Technique of robustly estimating geometric models (homographies, fundamental matrices) from noisy feature correspondences while identifying inliers and outliers.

Description

Feature matching inevitably produces outlier (incorrect) correspondences. RANSAC (Random Sample Consensus) robustly estimates a geometric model by: (1) randomly sampling minimal sets of correspondences, (2) fitting a model (e.g., homography from 4 point pairs), (3) scoring the model by counting inlier correspondences (within distance threshold), (4) iterating to find the best model. Local optimization refines the best model using all inliers. The algorithm outputs both the estimated model and an inlier mask for downstream use.

Usage

Use after feature matching to filter outlier matches and estimate geometric transformations between images.

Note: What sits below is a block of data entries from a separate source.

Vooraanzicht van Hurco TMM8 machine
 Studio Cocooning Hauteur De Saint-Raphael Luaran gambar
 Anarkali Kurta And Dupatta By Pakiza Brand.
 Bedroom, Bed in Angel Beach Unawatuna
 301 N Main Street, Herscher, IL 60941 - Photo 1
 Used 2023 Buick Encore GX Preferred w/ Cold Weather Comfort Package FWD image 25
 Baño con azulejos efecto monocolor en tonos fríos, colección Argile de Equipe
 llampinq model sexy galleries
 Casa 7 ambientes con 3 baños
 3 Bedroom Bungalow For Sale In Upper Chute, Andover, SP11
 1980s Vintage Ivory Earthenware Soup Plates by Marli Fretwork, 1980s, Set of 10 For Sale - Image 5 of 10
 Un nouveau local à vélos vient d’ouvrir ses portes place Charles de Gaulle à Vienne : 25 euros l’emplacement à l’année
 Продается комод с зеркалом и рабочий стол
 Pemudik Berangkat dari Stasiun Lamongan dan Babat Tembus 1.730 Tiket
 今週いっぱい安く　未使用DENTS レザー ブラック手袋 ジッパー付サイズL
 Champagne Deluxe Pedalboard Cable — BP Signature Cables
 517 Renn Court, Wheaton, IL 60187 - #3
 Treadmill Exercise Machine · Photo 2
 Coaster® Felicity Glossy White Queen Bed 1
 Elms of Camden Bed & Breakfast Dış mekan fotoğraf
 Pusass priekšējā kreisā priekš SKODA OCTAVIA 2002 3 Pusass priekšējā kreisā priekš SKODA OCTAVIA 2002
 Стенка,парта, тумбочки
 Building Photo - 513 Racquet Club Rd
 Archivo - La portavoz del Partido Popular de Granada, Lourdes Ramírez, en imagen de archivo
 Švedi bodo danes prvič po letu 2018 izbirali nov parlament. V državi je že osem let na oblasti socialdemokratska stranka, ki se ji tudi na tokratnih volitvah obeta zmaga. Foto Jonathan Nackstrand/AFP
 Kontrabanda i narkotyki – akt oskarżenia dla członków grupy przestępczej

Essential for image stitching, visual localization, and multi-view geometry.

Theoretical Basis

RANSAC algorithm:

For i in 1..max_iter:

  1. Sample minimal_sample_size points.
  2. Fit model M_i.
  3. Count inliers: |{j : error(M_i, (p1_j, p2_j)) < threshold}|.
  4. If best, polish with all inliers.
  5. Early stop if confidence reached: k = log(1 - p) / log(1 - (w^n)), where w = inlier_ratio, n = sample_size, p = confidence.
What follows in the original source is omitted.